Réunissant 190 peintures, dessins, lithographies, miniatures et pièces de mobilier issus des plus prestigieux musées internationaux, l’exposition de Lille propose un regard inédit et complet sur la production de Boilly. En sept sections chronologiques et thématiques retraçant l’itinéraire du peintre, l’événement rassemblera ses grands chefs d’œuvre conservés à Paris et dans la région Nord-Pas de Calais mais aussi en Angleterre, aux Etats-Unis, en Russie, en Allemagne et dans de nombreuses collections particulières.
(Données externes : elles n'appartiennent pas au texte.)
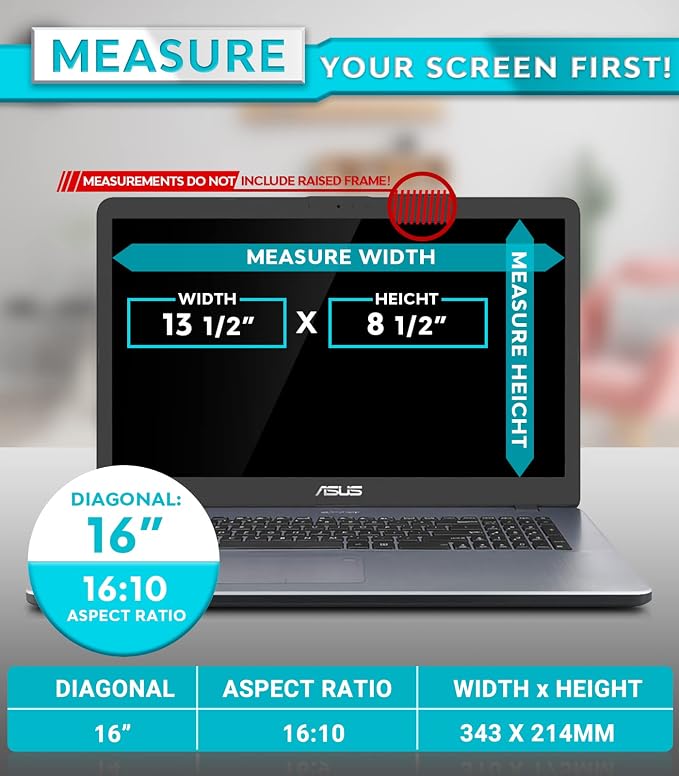 PYS Laptop Privacy Screen 16 Inch - Removable Laptop Screen Privacy Shield for 16:10 Widescreen Display - Anti Glare & Blue Light Screen Filters for Eye Protection - Black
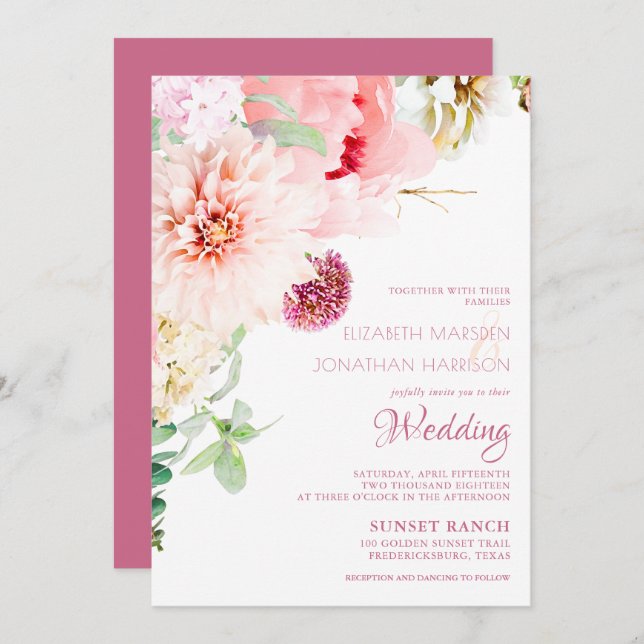 Elegant Blush Pink Peony White Floral Wedding Invi Invitation (Front/Back)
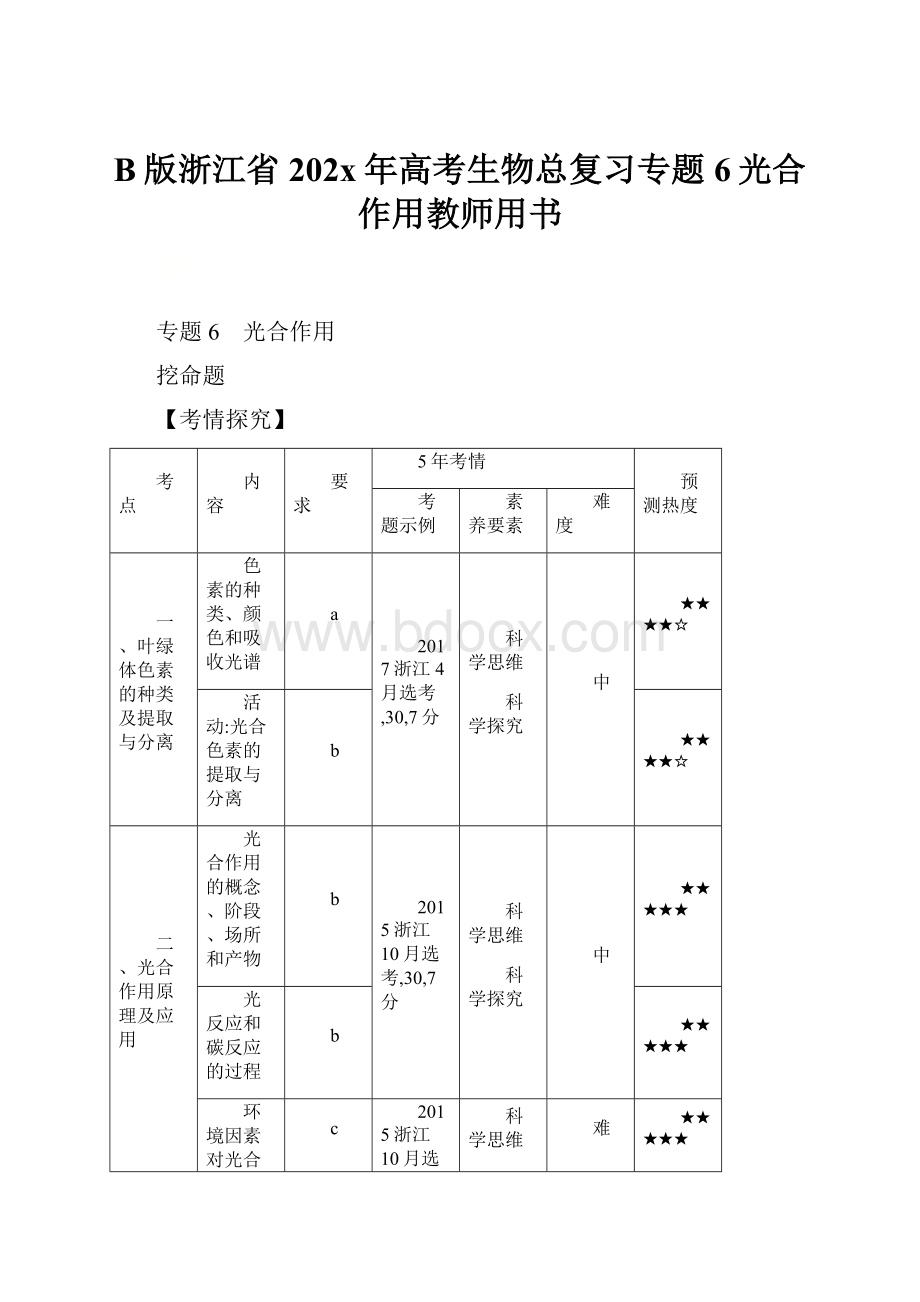 B版浙江省202x年高考生物总复习专题6光合作用教师用书.docx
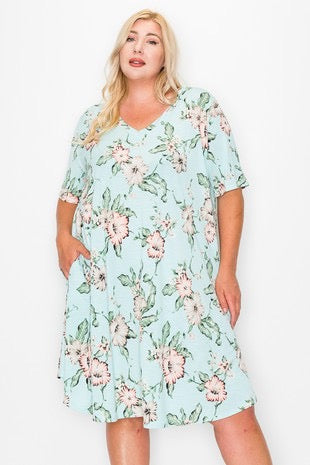 80 PSS {Just Say Yes} Mint Floral V-Neck Dress EXTENDED PLUS SIZE 3X 4X 5X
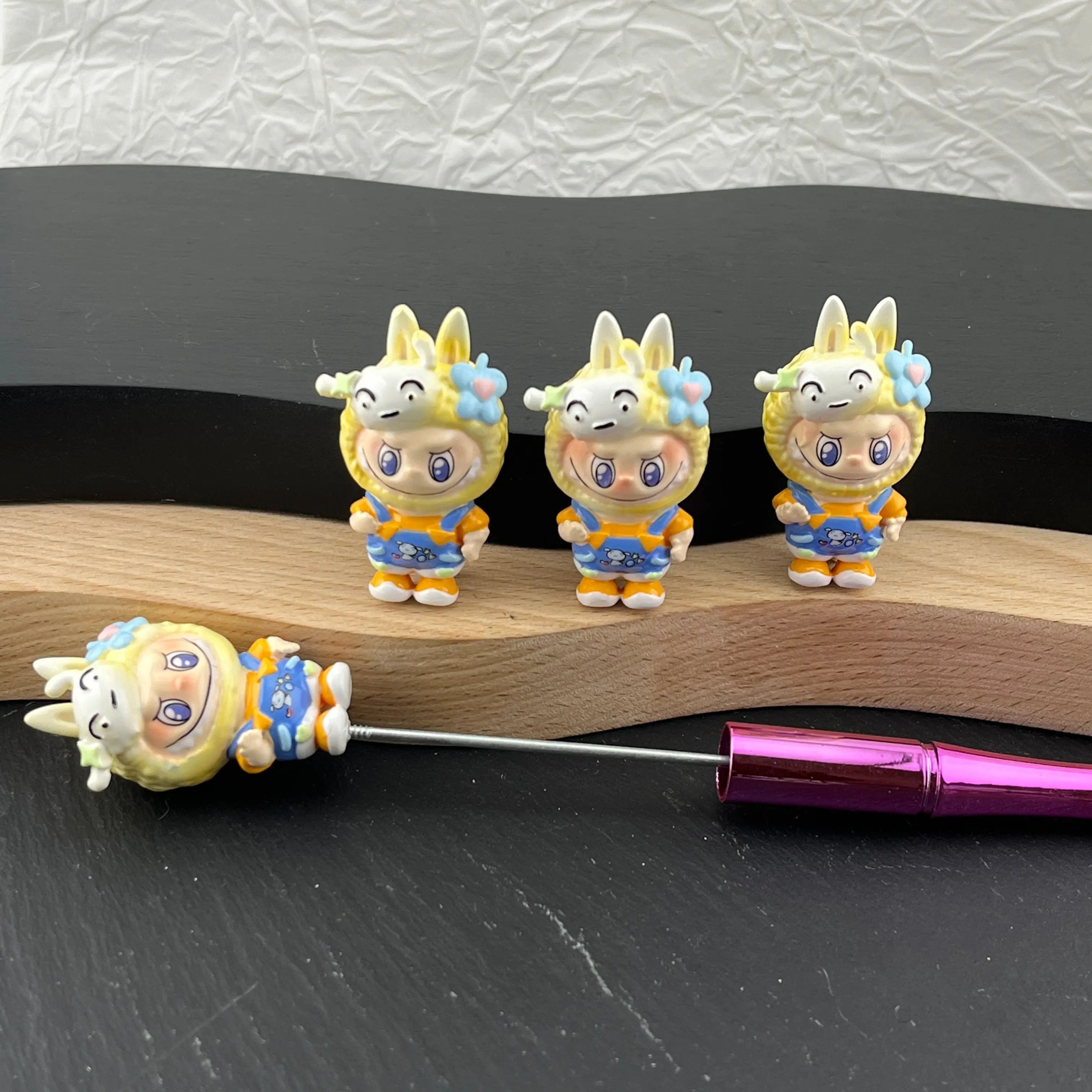 FS2642-1PCS Cute Labubu Resin Painted Doll Pen Topper （With Half Hole） Zoe's DIY Shop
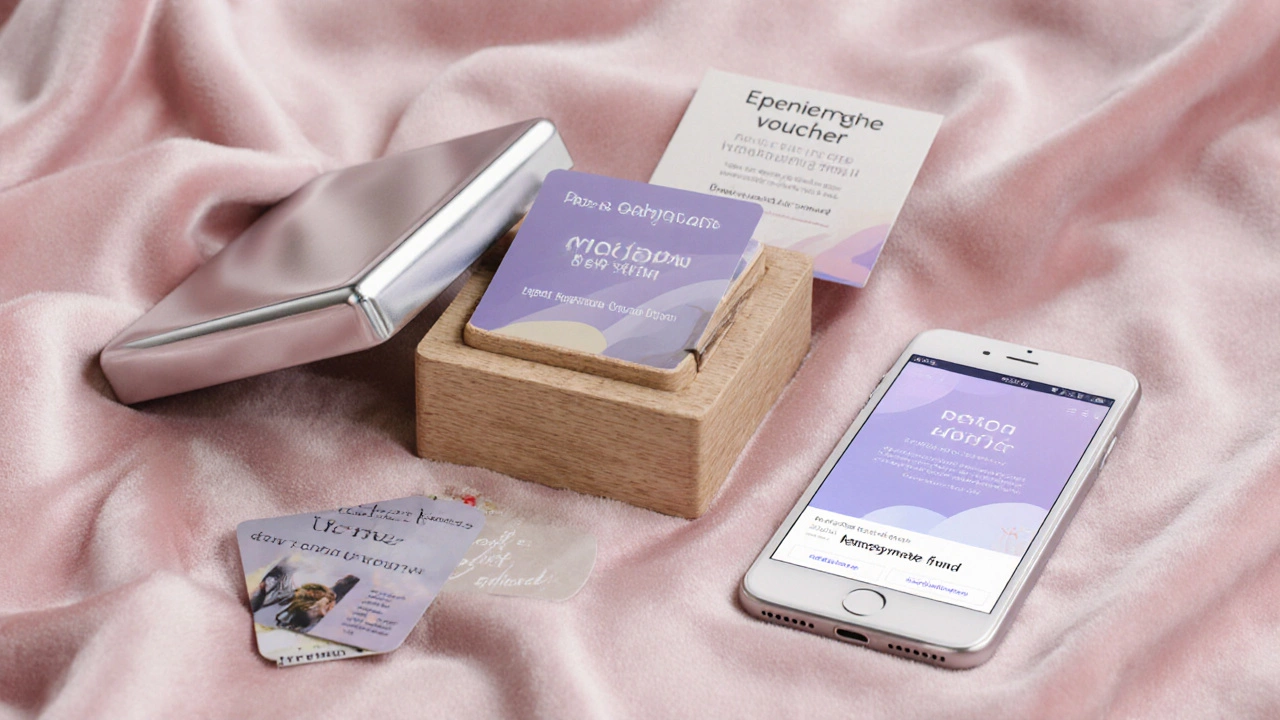 Display of gift card, voucher box, and honeymoon fund app as alternative gifts.
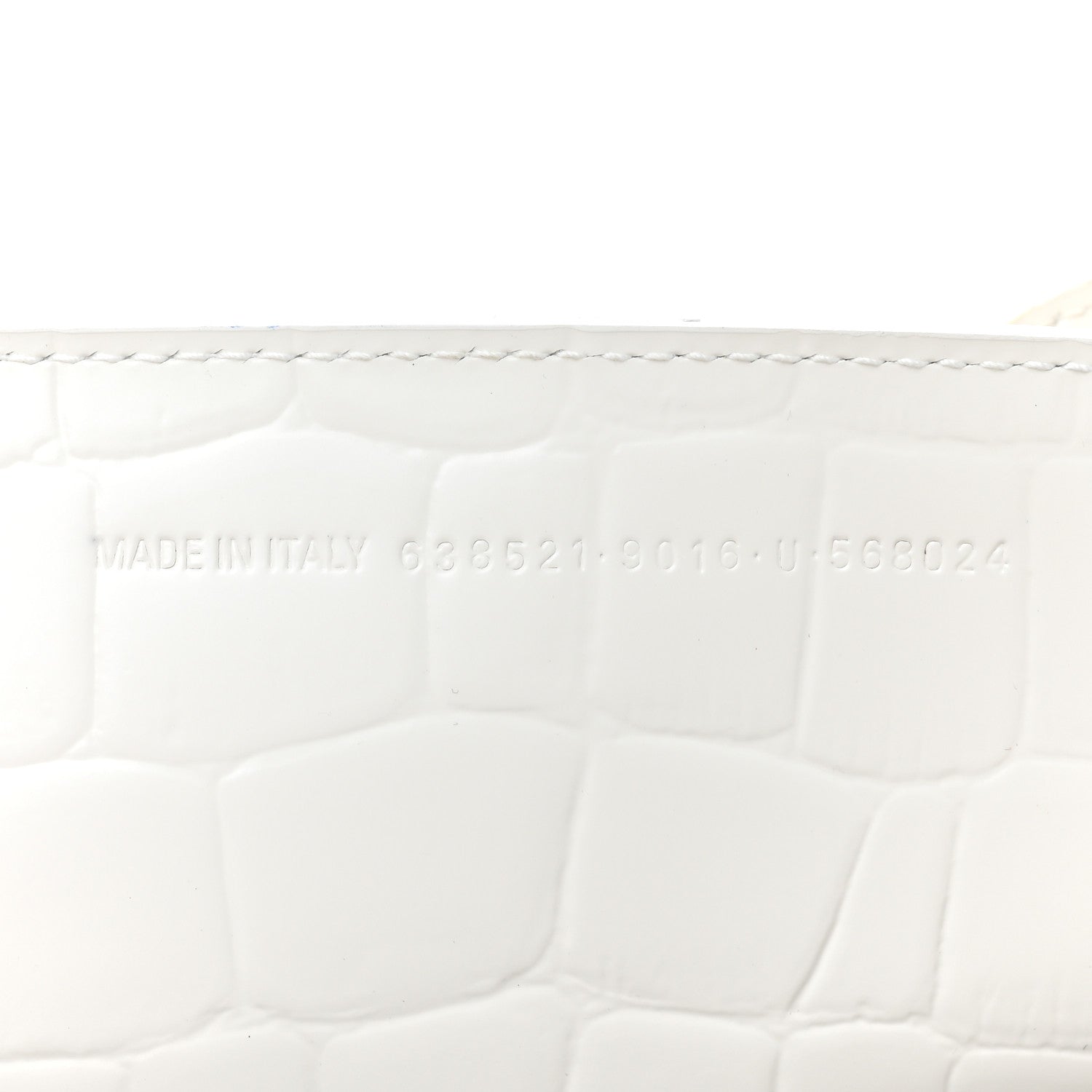 Balenciaga Semi Shiny Calfskin Crocodile Embossed Neo Classic Silver Hardware S City White 7 of 14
Les accents romantiques de sa sensibilité, proche de l’esprit britannique, son regard humaniste et incisif, reflet de ses origines septentrionales et de l’esprit néoclassique de David, son intérêt technique pour la lithographie et l’optique sont les ferments du vaste monde pictural de Boilly. L’exposition évoquera naturellement la virtuosité du portraitiste, l’aspect le mieux connu de sa production, mais elle démontrera surtout l’envergure du talent d’un peintre étonnant, chroniqueur malicieux constamment attentif aux faits de son époque et à leur incidence sur ses contemporains.

Facétieux, Boilly a également aimé pratiquer l’art du trompe-l’oeil, renouvelant le genre avec un don exceptionnel. Le plaisir de la caricature n’est jamais loin; il s’adonne avec truculence à la transformation grinçante des visages et des corps, annonciatrice de Daumier et du développement moderne de la peinture au XIXe siècle.

La virtuosité de son exécution, la fantaisie, voire l’humour de son inspiration, s’expriment librement dans les scènes de la vie parisienne. Le souci d’une description minutieuse, que l’emploi de la grisaille imitée de la gravure rend illusionniste (Les Galeries du Palais-Royal, 1809, Paris, musée Carnavalet) et le conduit au trompe-l’œil (Guéridon aux pièces de monnaie, v. 1808-1814, musée de Lille), témoigne d’une familiarité profonde avec les œuvres hollandaises du XVIIe siècle (Ter Borch, Dou, Van Mieris), que les collectionneurs recherchaient, Boilly le premier. En revanche, sa facture pure et lisse pour définir formes et reliefs, l’habileté et la vie de ses mises en scène rappellent l’adhésion du peintre à l’art de David qu’il admirait (Jeune fille à la fenêtre, vers 1799, Londres, National Gallery).

Chronique des milieux artistiques, sa série des Ateliers – thème courant au XIXe siècle (Houdon dans son atelier, 1804, Paris, musée des Arts décoratifs) – est un exemple de la diversité de son talent de portraitiste, combinant à la fois portrait collectif, portrait individuel et étude d’expression, notamment pour son Atelier d’Isabey (1798, Louvre). Boilly aborde également un certain romantisme en brossant plusieurs portraits en pied, sur fond de paysage (Mlle Athénais, 1807, Paris, Musée du Petit Palais) dont la précision raffinée, rappelant celle de son contemporain Ingres, ne nuit pas à la poésie du sujet.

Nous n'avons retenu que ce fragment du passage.